- PROBLEM DETAILS: Reproduce the listing below in full and without alteration, apart from its pictures.

- EXERCISE MATERIAL:
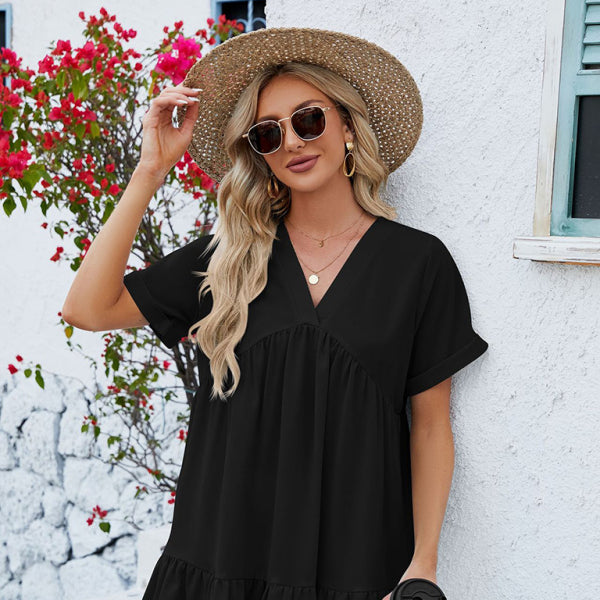 β¨ Chic & Comfy V-Neck Pleated Dress β Perfect for Spring & Summer πΈπ
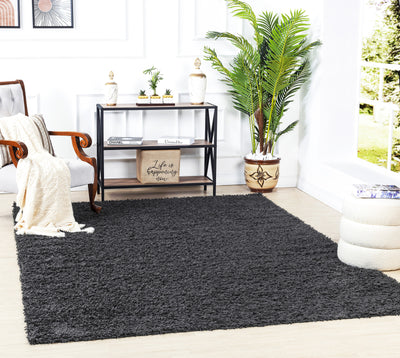 Tapis Shaggy Moderne Gris Foncé Boracay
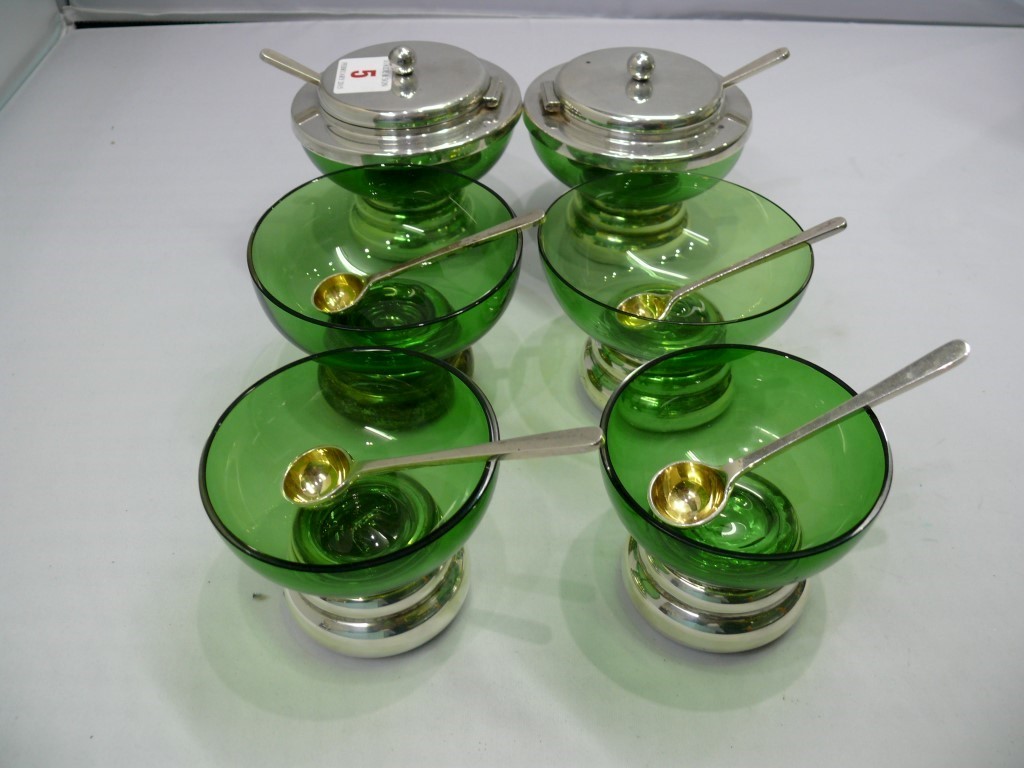 A set of six contemporary silver and green glass condiments, and matching silver gilt spoons, by - Image 8 of 12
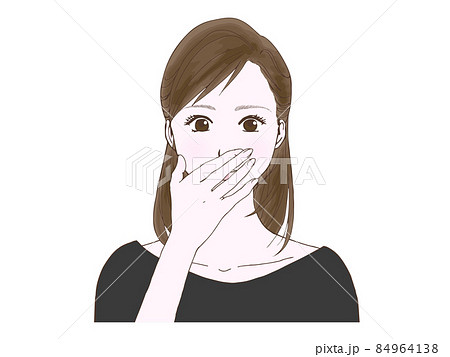 驚いた顔のセミロングの女性 のイラスト素材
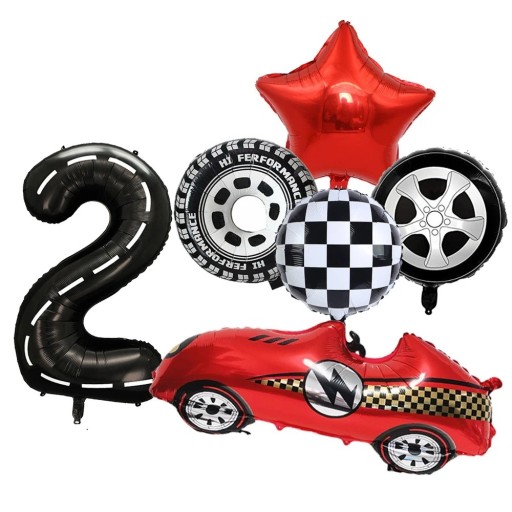 6 pcs Ballons en Mylar Thème de Course Numéro 2 101,6 cm Voiture 100 x 45 x 20 cm Pneus 68 x 75 cm Étoile 46 cm Décoration pour Anniversaire d'Enfant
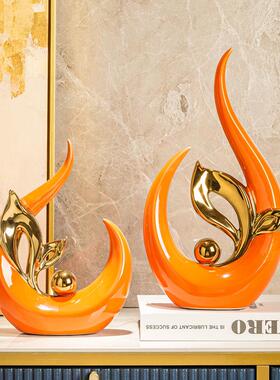 高档轻奢风酒柜装饰品摆件高级旺宅家居玄关展示柜陶瓷风生水起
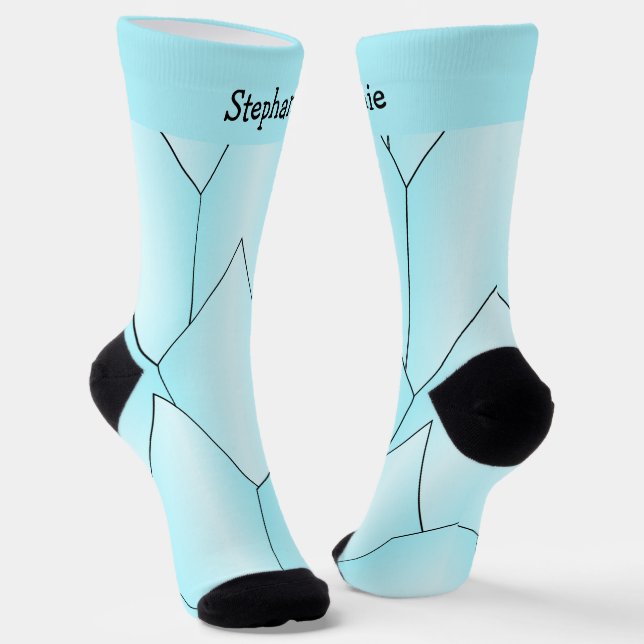 Blue Art Deco Design Socks (Angled)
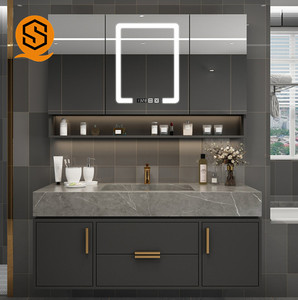 Mobile Bagno Moderno Europeo da Parete in Legno con Doppio Lavabo - Product Image 2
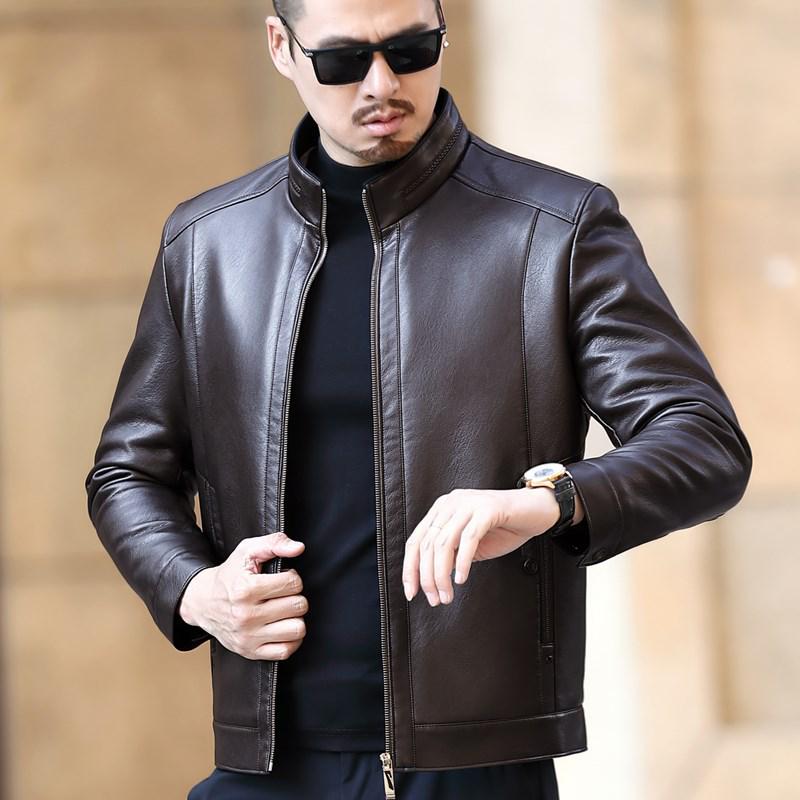 Men's Haining Stand Collar Sheepskin Jacket with Plus Velvet Lining - Thickened Leather Fur, Short Coat for Winter Trend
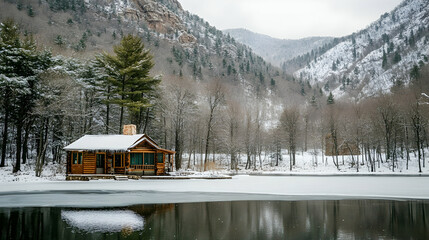 A small wooden cabin sits on a frozen lake with a snow-covered mountain backdrop.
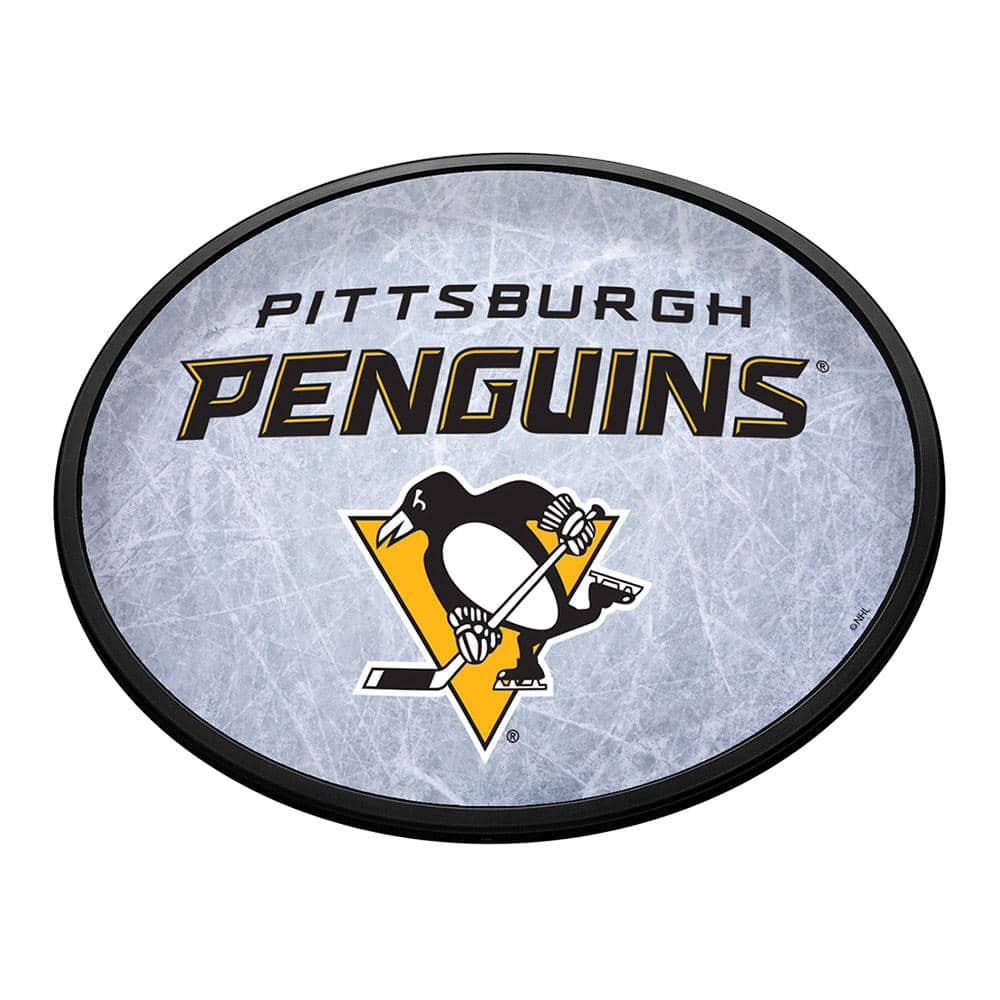 Pittsburgh Penguins: Round Slimline Lighted Wall Sign - The Fan-Brand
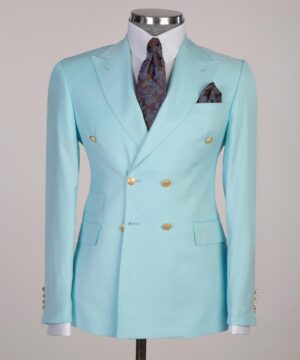 Turkoise  breasted suit for men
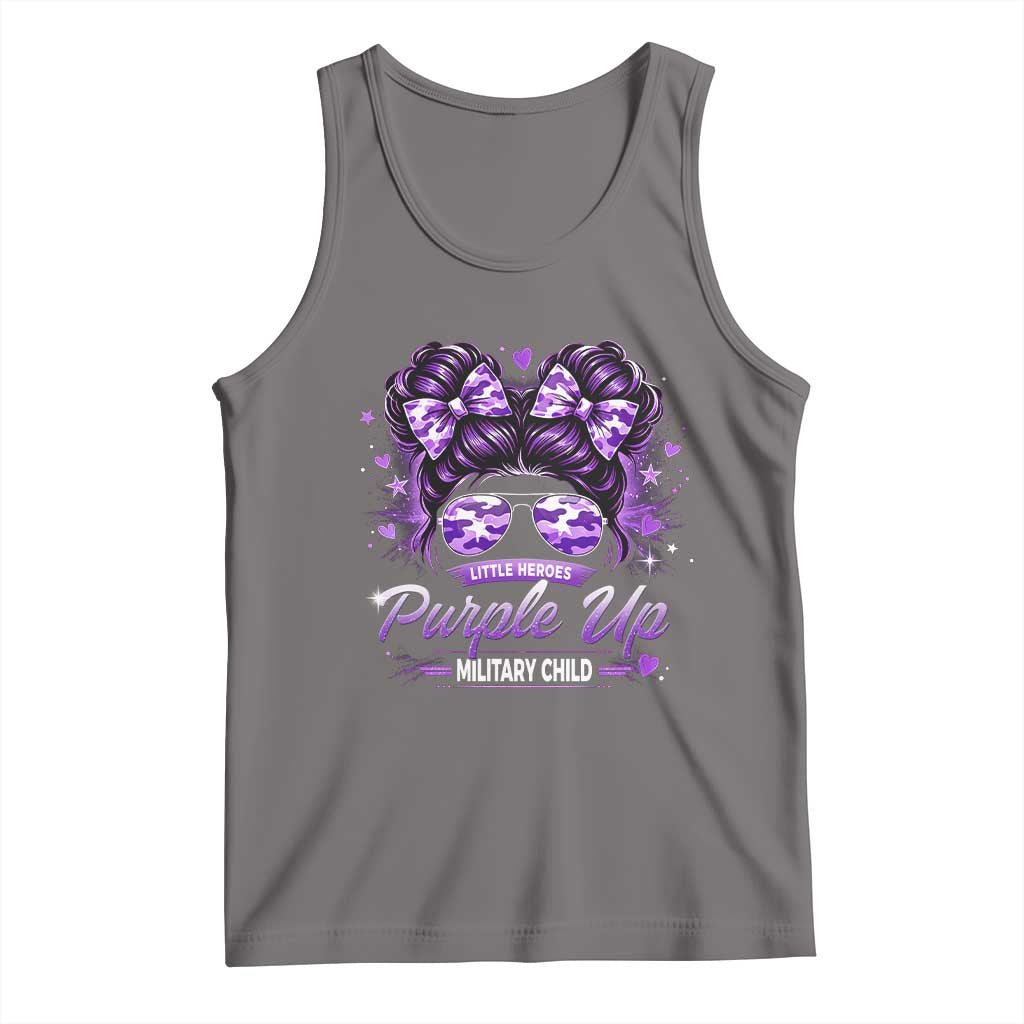 Purple Up Military Child Tank Top Camo Messy Bun Military Kid Month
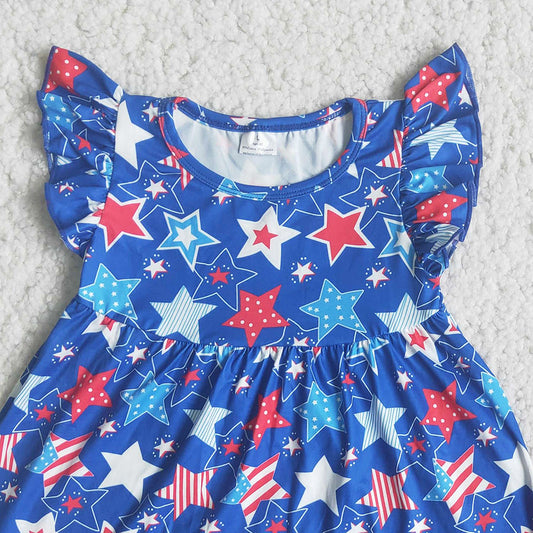 Boutique Baby Girls Designer Clothes Star Printed July 4th Summer Fashion Kids Clothes Girls Outfits Wholesale A15-21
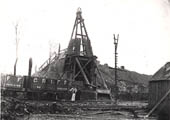 View of the timber framed headgear used to ferry men and materials up and down shaft No 7 of Catesby tunnel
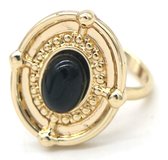 Ring met Zwarte Steen - Metaal - One Size - Goudkleurig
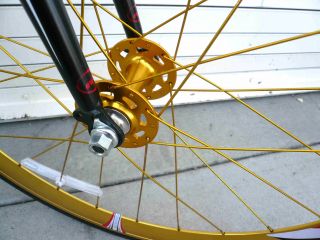 Fixed Gear Alloy Road Bike 53 cm w Deep 50cm Rims Gold Handlebar Matt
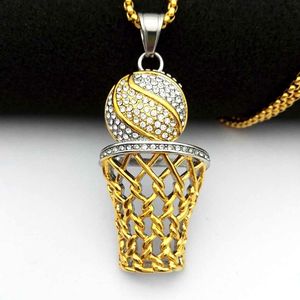 Goud vergulde diamant ingelegde basketbal net frame ketting hanger hiphop titanium staal sport sieraden accessoires feest cadeau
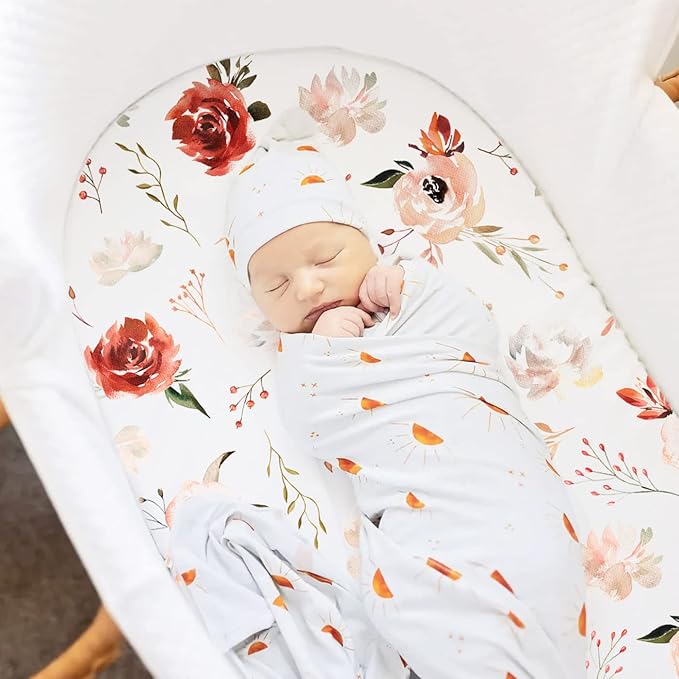 Stretchy Ultra Soft Bassinet Fitted Sheets 3 Pack, Universal Fitted for Bassinets Oval Rectangle Mattress, Pretty Bassinet Sheets for Baby Girls, Watercolor Rose Flora Orange Pink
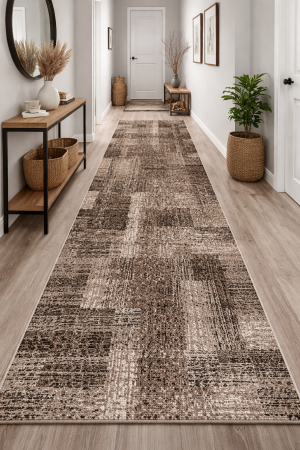 Traverse Moderne si Geometrice - Model Mira 24007/120, Traversa festonata , Maro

- ANSWER AREA:
 β¨ Chic & Comfy V-Neck Pleated Dress β Perfect for Spring & Summer πΈπ
 Tapis Shaggy Moderne Gris Foncé Boracay
 A set of six contemporary silver and green glass condiments, and matching silver gilt spoons, by - Image 8 of 12
 驚いた顔のセミロングの女性 のイラスト素材
 6 pcs Ballons en Mylar Thème de Course Numéro 2 101,6 cm Voiture 100 x 45 x 20 cm Pneus 68 x 75 cm Étoile 46 cm Décoration pour Anniversaire d'Enfant
 高档轻奢风酒柜装饰品摆件高级旺宅家居玄关展示柜陶瓷风生水起
 Blue Art Deco Design Socks (Angled)
 Mobile Bagno Moderno Europeo da Parete in Legno con Doppio Lavabo - Product Image 2
 Men's Haining Stand Collar Sheepskin Jacket with Plus Velvet Lining - Thickened Leather Fur, Short Coat for Winter Trend
 A small wooden cabin sits on a frozen lake with a snow-covered mountain backdrop.
 Pittsburgh Penguins: Round Slimline Lighted Wall Sign - The Fan-Brand
 Turkoise  breasted suit for men
 Purple Up Military Child Tank Top Camo Messy Bun Military Kid Month
 Boutique Baby Girls Designer Clothes Star Printed July 4th Summer Fashion Kids Clothes Girls Outfits Wholesale A15-21
 View of the timber framed headgear used to ferry men and materials up and down shaft No 7 of Catesby tunnel
 Ring met Zwarte Steen - Metaal - One Size - Goudkleurig
 Fixed Gear Alloy Road Bike 53 cm w Deep 50cm Rims Gold Handlebar Matt
 Goud vergulde diamant ingelegde basketbal net frame ketting hanger hiphop titanium staal sport sieraden accessoires feest cadeau
 Stretchy Ultra Soft Bassinet Fitted Sheets 3 Pack, Universal Fitted for Bassinets Oval Rectangle Mattress, Pretty Bassinet Sheets for Baby Girls, Watercolor Rose Flora Orange Pink
 Traverse Moderne si Geometrice - Model Mira 24007/120, Traversa festonata , Maro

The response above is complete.